Extended Data Fig. 8 Differential gene expression and cell-type composition.

a,b, Differential gene expression, mouse olfactory bulb dataset. a, Annotation of the mitral cell layer (MCL). Percentages indicate area overlap with pixel annotation. b, Agreement with MCL marker reference list13 over different set sizes of genes predicted to be differentially expressed. Genes are ranked by the inverted coefficient of variation of their posterior log fold change (Super-resolved ST) or p-value (Seurat). Only genes with a predicted positive log fold change are shown. ce, Cell-type composition, ductal carcinoma in situ (DCIS) dataset. c, Predicted cell types in each measurement location. Colors correspond to the score-weighted sums of the cell-type labels’ RGB coordinates. d, Measurement-level classification as a function of proximity to the tumor edge. Bar heights show classification scores across all measurement locations weighted by their overlap with each distance isoline. e, Pixel-level classification as a function of proximity to the tumor edge. Bar heights show classification scores based on the predicted expression for the pixel band at each distance. Red dashed line: Tumor edge. Black dotted line: 200 μm isoline.

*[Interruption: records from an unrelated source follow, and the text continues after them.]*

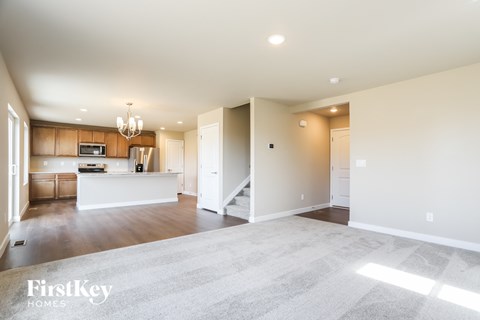 A spacious living room with a kitchen in the background and a carpet on the floor.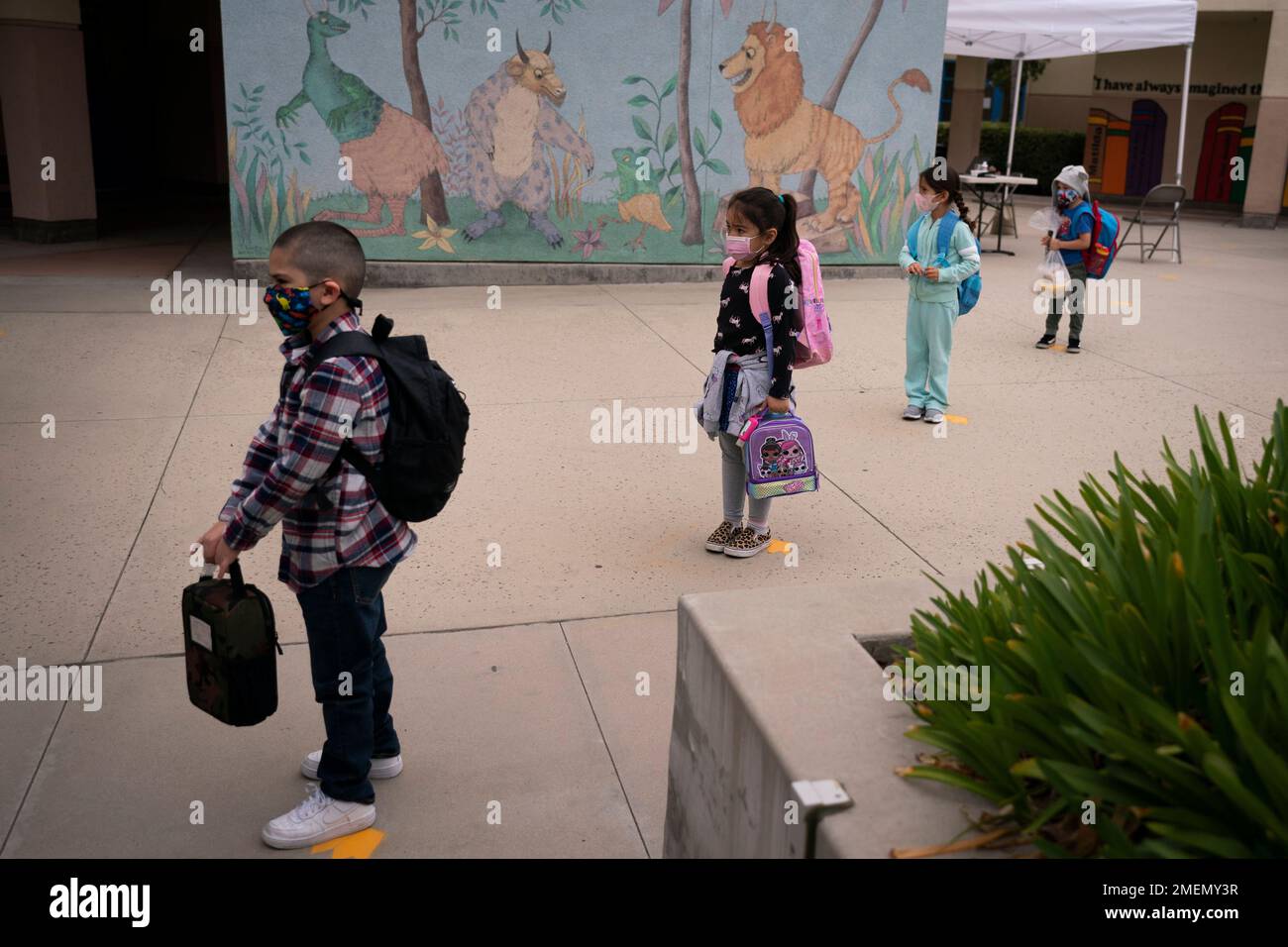 Socially distanced kindergarten students wait for their parents to pick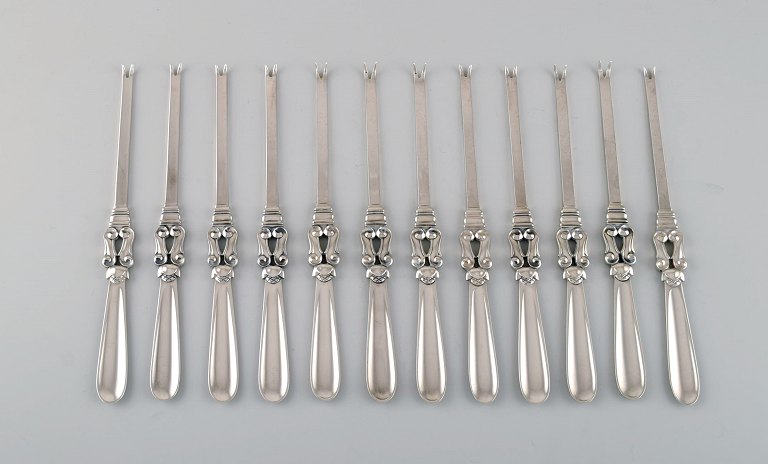 Twelve Georg Jensen Acorn lobster forks in sterling silver.
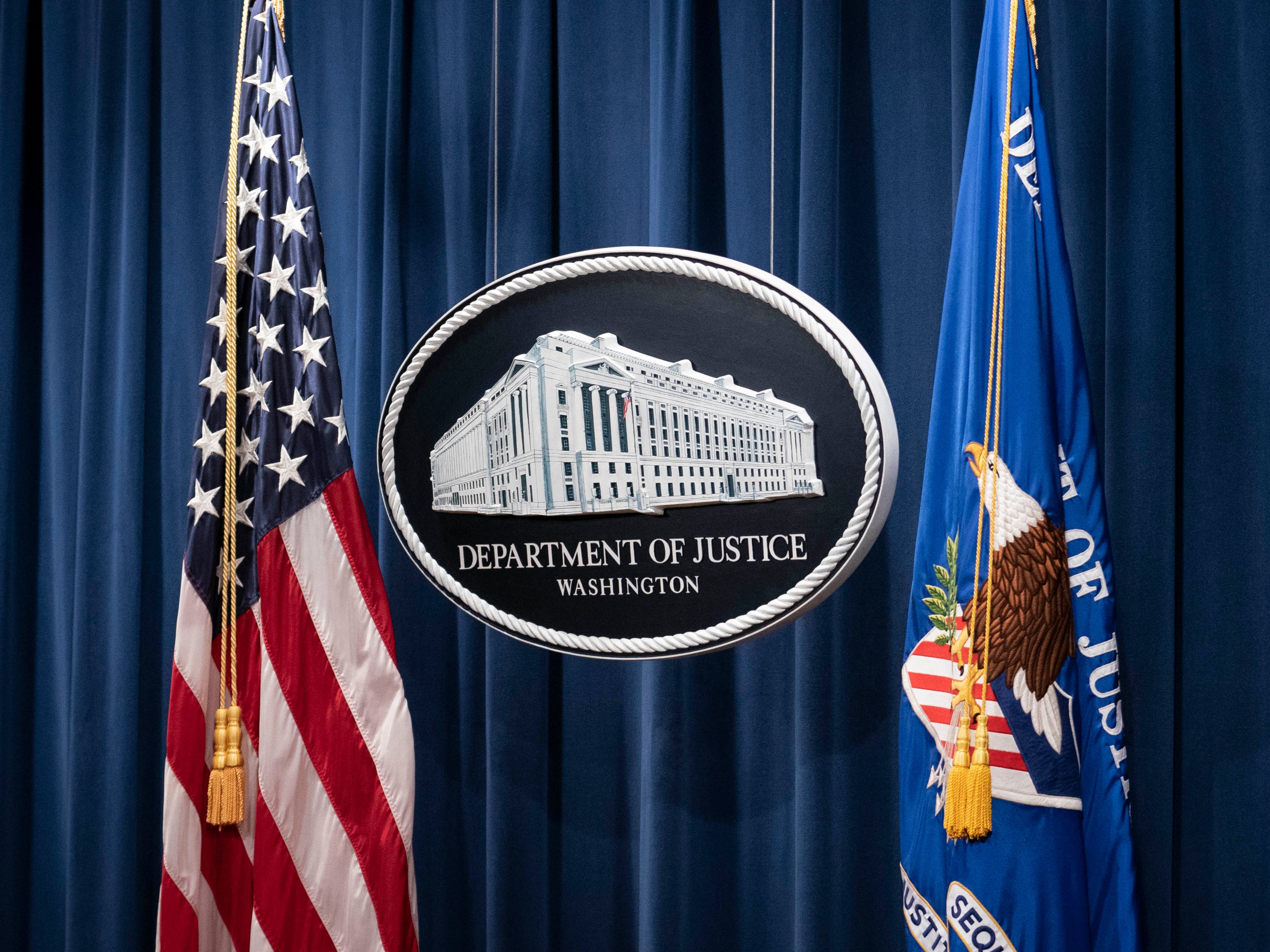 <p>A sign for the Department of Justice is seen ahead of a news conference with Michael Sherwin, acting US attorney for the District of Columbia, and Steven D’Antuono, head of the Federal Bureau of Investigation (FBI) Washington field office, at the US Department of Justice in Washington, DC, on 12 January 2021</p>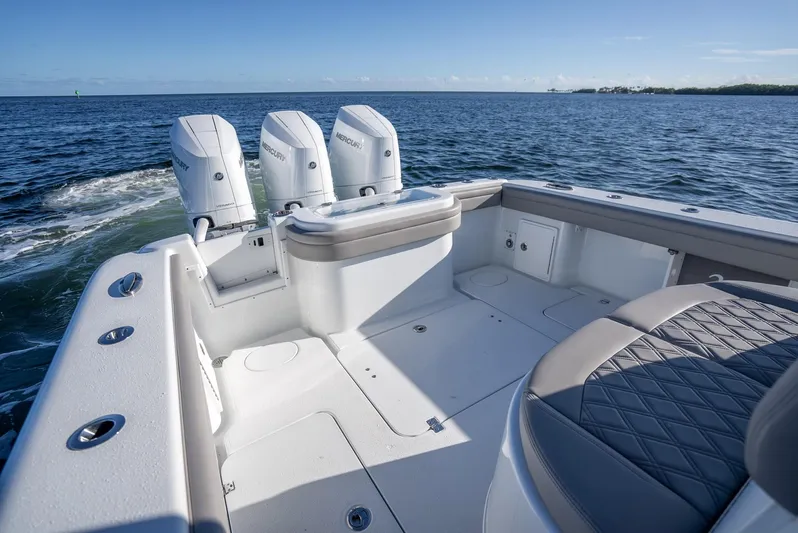  Yacht Photos Pics 2023 Yellowfin 36 boat with triple engines on open water.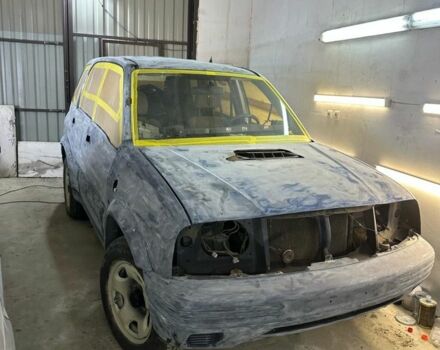 Синій Сузукі Гранд Вітара, об'ємом двигуна 2 л та пробігом 300 тис. км за 4000 $, фото 2 на Automoto.ua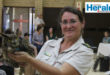 Image of a female honorary officer holding an owl.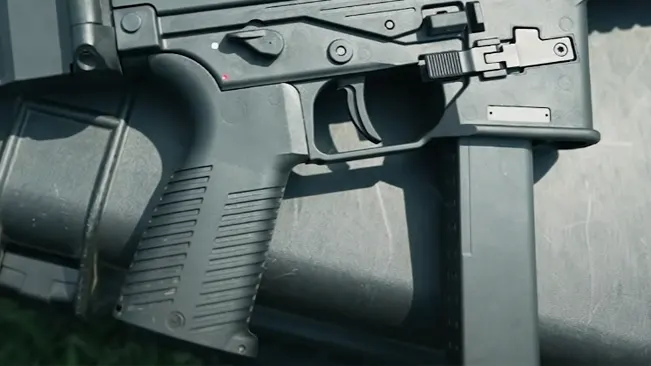 Close-up view of a black firearm's grip, trigger, and lower receiver with an attached magazine and a visible safety selector switch with a red indicator.
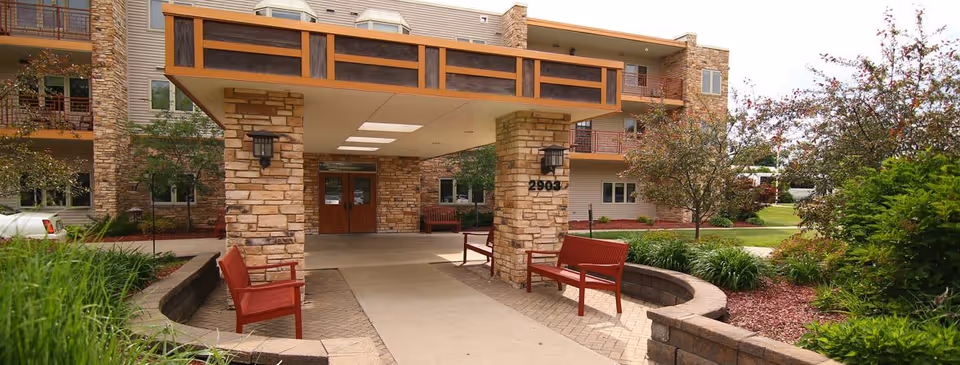 Entrance of a senior living facility with a covered drop-off area supported by stone pillars. There are red benches on either side of the walkway, surrounded by landscaped greenery and trees. The building has multiple floors with balconies and windows.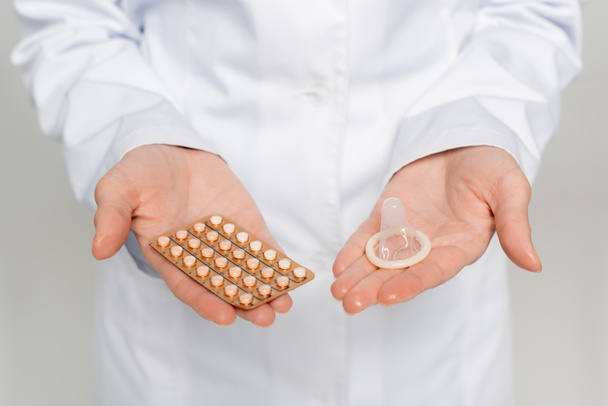 a szürke bőrön izolált fogamzásgátló tablettákat és óvszert tartalmazó buborékcsomagolást tartó orvos levágott képe  - Fotó, kép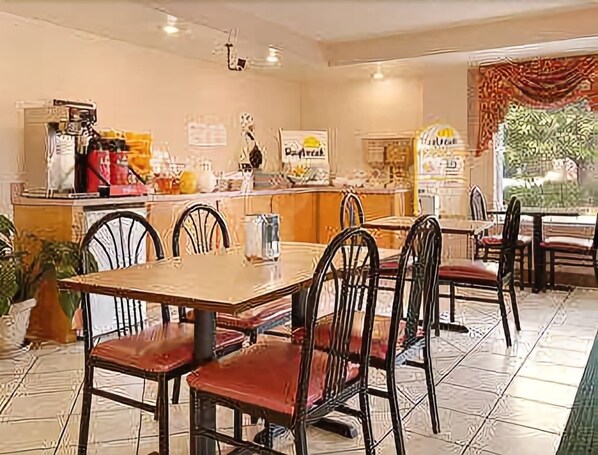 A restaurant with a counter, chairs, and tables. - Days Inn by Wyndham Ridgeland South Carolina (Ridgeland)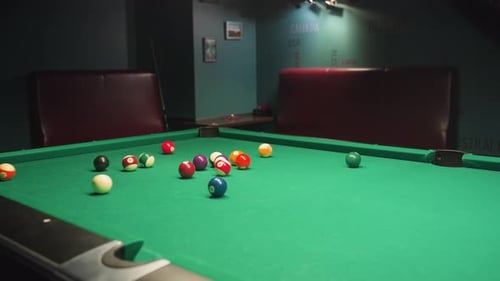 Billiard Balls Scattered Across Pool Table After Powerful Break Shot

Extended Data Fig. 9 Architecture.

a, Fusion network. b, Image data decoder. c, Expression data decoder. Volume dimensions and number of down- and upsampling steps are exemplative.

Extended Data Fig. 10 Runtime.

Normalized ELBO over time for three runs with varying dataset sizes. Vertical lines indicate time points when the runs reached 95% of the maximum attained normalized ELBO for the first time.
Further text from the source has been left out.